Combustion can't happen until kindling temperature is reached. A match held against a big log will not ignite the log because there is not enough oxygen available for the log to reach kindling temperature. A match held against a twig from the same tree, however, can readily cause combustion of the twig because the ratio of oxygen to the burnable substance is higher. Heat and light are produced as the oxygen and wood are changed into ashes and gases that are the elemental materials of the wood.
Oxygen uniting with gasoline or gunpowder causes an explosion. This is combustion taking place so rapidly that the gasoline or gunpowder is changed so quickly into gases that they require many hundreds of times the volume of space that the gasoline or gunpowder used to occupy.
The feelings associated with conversion to the gospel of Jesus Christ are often compared to a burning in the bosom. Enthusiastic and hard-working converts and members are frequently said to be “on fire.” The Holy Ghost is the oxygen that unites with the inquiring soul as a new creature is produced. That person is said to be born again.

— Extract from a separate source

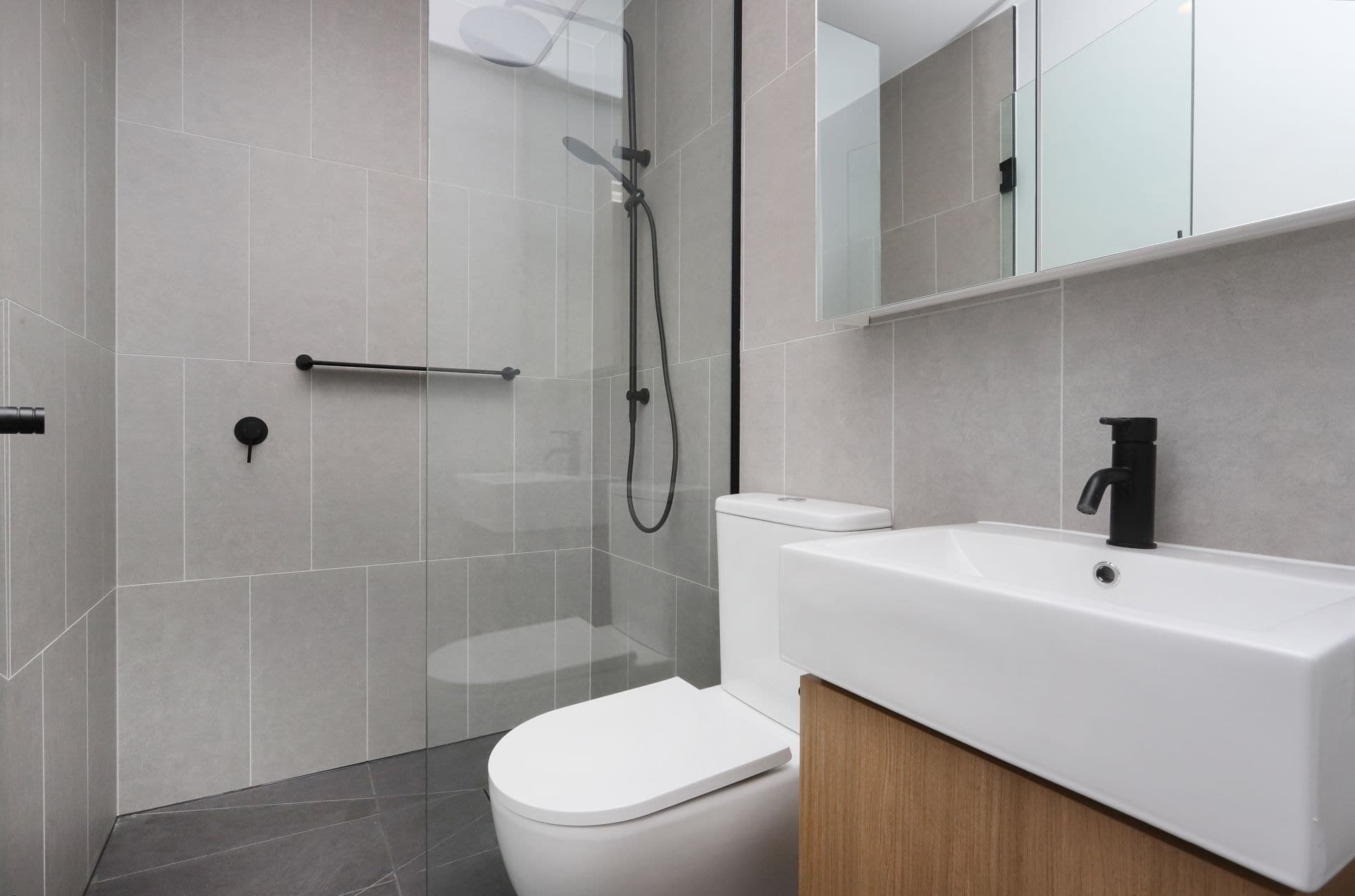 305/21 Victoria Street Footscray VIC, Footscray - Thumbnail 8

The rate of conversion, like combustion, depends upon the substance being ignited. Some people oxidize slowly. Others burst into flame. Still others are fireproof, and are seemingly immune to the influence of the Holy Ghost.
I have tried and tried to teach the principles of the gospel to several men to whom I am very close. They are good men. They listen closely to what I say, but for whatever reason, I have never been able to light the fires in their souls that I had hoped to ignite. They are my father and my brothers. They are made of the same materials as I am, so I don't comprehend the difference.
When I first opened the Book of Mormon and began reading, I felt the burning. I didn't know what it was, but I wanted more. Reading that book was all that I wanted to do. I couldn't get enough of that feeling. I was on fire, and was becoming a new person. The old, sinful me was being changed into a new creature. Light came pouring into my head. I could feel it. I imagined that I could even see it. The light entered at the front of my mind and pushed the darkness back until it exited completely. Heat and light and the Holy Ghost were all present as the old me was consumed and made into something new.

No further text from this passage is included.